WHAT YOU ARE ASKED TO DO ▸
The lines to be set down run from the line containing "Imagem de Planta" through the final line of the data below; print them exactly and print nothing else.

INFORMATION GIVEN ▸
++++++++

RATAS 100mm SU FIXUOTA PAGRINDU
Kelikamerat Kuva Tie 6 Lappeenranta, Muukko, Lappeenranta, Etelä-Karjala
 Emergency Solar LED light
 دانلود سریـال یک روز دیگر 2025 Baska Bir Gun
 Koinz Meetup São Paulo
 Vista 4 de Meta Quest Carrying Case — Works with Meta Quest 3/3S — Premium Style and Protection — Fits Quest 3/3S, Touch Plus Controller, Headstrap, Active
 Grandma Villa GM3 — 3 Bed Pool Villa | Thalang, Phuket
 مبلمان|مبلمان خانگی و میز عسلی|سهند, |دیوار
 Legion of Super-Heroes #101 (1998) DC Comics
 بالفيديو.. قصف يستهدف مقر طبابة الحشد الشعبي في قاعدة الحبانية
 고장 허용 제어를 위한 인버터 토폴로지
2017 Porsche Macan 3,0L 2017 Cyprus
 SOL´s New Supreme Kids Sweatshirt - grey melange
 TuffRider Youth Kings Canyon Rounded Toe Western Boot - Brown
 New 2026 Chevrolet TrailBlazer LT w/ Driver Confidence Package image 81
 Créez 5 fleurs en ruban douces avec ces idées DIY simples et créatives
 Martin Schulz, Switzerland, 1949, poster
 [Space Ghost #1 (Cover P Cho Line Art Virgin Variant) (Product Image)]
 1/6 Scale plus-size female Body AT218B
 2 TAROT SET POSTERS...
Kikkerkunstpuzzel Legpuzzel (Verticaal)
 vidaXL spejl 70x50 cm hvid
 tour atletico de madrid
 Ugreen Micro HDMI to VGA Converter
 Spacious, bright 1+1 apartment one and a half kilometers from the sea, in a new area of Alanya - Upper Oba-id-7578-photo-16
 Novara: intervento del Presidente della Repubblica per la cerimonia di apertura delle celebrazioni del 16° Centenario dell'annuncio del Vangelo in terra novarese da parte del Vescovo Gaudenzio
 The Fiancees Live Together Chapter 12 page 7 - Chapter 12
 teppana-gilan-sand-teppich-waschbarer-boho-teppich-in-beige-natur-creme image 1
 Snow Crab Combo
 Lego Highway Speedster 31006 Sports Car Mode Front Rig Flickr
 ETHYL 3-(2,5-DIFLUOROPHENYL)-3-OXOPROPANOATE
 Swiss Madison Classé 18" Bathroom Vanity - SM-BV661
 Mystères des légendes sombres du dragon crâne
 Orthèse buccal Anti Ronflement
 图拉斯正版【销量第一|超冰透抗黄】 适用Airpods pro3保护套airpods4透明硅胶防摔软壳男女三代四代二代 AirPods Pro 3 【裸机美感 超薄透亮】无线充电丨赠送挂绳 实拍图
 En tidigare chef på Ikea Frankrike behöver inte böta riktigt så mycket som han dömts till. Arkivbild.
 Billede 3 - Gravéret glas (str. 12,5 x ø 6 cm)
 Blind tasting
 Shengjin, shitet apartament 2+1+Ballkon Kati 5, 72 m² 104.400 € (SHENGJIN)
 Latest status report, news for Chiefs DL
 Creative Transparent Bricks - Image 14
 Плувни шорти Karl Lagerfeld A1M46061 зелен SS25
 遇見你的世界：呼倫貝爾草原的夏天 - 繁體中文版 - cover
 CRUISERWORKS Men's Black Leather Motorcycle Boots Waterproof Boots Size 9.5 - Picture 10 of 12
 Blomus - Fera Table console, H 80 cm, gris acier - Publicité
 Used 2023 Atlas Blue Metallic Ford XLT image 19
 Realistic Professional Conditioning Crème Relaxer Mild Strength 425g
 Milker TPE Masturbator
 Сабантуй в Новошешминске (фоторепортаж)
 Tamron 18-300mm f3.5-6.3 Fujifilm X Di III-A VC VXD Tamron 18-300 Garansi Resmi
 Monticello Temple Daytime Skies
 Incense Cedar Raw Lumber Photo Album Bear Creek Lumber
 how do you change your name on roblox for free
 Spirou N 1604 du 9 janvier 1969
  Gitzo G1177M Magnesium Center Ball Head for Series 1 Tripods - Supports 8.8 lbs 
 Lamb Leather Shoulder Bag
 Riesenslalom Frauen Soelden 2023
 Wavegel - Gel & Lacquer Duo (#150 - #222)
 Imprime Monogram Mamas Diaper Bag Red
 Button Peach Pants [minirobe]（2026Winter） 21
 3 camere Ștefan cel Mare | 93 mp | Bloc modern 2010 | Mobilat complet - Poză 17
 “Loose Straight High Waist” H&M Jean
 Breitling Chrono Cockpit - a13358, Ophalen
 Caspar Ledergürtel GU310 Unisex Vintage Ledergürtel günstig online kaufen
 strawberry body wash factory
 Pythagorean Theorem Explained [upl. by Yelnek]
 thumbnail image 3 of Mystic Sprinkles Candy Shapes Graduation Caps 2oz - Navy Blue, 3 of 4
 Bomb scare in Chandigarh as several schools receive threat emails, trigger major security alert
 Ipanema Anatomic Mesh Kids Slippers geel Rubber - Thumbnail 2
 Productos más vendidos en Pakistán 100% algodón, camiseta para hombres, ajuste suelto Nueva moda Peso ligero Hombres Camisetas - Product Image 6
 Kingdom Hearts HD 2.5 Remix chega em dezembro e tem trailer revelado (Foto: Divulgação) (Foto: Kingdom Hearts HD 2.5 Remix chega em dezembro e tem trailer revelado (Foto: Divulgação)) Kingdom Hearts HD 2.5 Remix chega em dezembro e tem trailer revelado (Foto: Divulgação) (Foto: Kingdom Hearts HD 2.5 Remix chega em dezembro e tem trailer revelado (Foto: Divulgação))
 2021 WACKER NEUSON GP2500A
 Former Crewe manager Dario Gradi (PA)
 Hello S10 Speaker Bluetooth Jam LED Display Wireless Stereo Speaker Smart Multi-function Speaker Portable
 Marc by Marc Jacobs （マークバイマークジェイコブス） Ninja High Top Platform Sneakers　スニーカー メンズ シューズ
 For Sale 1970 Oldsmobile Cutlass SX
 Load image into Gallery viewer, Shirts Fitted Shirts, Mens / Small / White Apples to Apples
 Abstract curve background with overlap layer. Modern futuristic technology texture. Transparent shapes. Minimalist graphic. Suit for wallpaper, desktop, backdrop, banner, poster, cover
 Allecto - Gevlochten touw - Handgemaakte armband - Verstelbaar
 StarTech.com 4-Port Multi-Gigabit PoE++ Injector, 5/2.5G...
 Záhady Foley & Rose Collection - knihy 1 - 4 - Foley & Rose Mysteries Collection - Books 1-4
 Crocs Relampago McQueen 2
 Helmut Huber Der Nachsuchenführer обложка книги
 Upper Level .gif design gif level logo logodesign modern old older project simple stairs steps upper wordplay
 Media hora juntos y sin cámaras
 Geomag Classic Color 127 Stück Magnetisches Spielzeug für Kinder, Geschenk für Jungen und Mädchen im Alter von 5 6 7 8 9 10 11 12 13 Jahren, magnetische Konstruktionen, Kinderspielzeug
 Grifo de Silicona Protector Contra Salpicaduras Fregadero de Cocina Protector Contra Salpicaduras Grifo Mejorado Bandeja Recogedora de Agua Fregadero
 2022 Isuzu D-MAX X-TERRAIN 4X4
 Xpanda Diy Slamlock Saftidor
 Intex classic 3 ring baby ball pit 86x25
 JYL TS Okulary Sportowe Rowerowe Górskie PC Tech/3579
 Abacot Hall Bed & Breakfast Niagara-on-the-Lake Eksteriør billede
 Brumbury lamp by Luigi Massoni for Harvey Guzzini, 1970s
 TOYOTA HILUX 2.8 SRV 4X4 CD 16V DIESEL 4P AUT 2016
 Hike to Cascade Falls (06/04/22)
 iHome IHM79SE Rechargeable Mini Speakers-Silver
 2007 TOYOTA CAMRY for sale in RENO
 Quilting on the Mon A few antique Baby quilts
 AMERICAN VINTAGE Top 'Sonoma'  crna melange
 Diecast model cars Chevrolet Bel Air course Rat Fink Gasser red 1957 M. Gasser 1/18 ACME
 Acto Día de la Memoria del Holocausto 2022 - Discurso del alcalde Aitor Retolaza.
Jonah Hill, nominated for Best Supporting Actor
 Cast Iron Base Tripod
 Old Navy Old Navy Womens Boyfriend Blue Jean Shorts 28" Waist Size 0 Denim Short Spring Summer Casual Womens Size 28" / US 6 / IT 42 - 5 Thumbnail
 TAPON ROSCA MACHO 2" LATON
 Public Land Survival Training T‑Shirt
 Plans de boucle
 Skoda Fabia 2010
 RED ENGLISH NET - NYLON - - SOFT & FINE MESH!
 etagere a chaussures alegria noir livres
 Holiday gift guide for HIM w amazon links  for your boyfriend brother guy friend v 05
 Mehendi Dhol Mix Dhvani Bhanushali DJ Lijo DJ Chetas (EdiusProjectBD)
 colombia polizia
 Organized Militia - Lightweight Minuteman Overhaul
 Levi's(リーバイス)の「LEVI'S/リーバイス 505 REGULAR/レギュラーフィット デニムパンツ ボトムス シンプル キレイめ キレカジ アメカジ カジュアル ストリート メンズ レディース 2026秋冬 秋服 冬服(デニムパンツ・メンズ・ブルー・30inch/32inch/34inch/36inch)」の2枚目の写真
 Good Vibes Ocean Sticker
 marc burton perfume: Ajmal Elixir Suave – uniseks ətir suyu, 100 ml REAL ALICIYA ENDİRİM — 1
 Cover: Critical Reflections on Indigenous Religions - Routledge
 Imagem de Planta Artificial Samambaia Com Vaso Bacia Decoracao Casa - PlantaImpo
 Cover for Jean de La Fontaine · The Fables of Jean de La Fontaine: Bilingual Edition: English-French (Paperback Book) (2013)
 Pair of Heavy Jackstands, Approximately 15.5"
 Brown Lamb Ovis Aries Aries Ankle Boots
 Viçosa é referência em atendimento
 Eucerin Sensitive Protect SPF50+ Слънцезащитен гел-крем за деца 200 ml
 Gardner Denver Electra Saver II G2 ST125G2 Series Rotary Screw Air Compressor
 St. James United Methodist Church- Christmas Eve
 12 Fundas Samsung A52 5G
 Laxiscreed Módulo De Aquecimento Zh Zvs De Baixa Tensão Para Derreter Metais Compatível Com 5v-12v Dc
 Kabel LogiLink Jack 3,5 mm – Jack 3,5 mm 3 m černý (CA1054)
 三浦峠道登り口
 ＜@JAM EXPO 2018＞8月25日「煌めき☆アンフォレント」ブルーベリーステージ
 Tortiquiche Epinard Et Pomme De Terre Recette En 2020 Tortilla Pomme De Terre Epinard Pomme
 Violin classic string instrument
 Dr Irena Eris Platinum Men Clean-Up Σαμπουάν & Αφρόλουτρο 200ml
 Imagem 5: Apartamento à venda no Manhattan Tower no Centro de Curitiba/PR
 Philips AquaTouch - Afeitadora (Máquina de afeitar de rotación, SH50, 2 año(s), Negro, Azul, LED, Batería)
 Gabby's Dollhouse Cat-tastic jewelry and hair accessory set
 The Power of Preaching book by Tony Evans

++++++++

ANSWER TO THE PROBLEM ▸
 Imagem de Planta Artificial Samambaia Com Vaso Bacia Decoracao Casa - PlantaImpo
 Cover for Jean de La Fontaine · The Fables of Jean de La Fontaine: Bilingual Edition: English-French (Paperback Book) (2013)
 Pair of Heavy Jackstands, Approximately 15.5"
 Brown Lamb Ovis Aries Aries Ankle Boots
 Viçosa é referência em atendimento
 Eucerin Sensitive Protect SPF50+ Слънцезащитен гел-крем за деца 200 ml
 Gardner Denver Electra Saver II G2 ST125G2 Series Rotary Screw Air Compressor
 St. James United Methodist Church- Christmas Eve
 12 Fundas Samsung A52 5G
 Laxiscreed Módulo De Aquecimento Zh Zvs De Baixa Tensão Para Derreter Metais Compatível Com 5v-12v Dc
 Kabel LogiLink Jack 3,5 mm – Jack 3,5 mm 3 m černý (CA1054)
 三浦峠道登り口
 ＜@JAM EXPO 2018＞8月25日「煌めき☆アンフォレント」ブルーベリーステージ
 Tortiquiche Epinard Et Pomme De Terre Recette En 2020 Tortilla Pomme De Terre Epinard Pomme
 Violin classic string instrument
 Dr Irena Eris Platinum Men Clean-Up Σαμπουάν & Αφρόλουτρο 200ml
 Imagem 5: Apartamento à venda no Manhattan Tower no Centro de Curitiba/PR
 Philips AquaTouch - Afeitadora (Máquina de afeitar de rotación, SH50, 2 año(s), Negro, Azul, LED, Batería)
 Gabby's Dollhouse Cat-tastic jewelry and hair accessory set
 The Power of Preaching book by Tony Evans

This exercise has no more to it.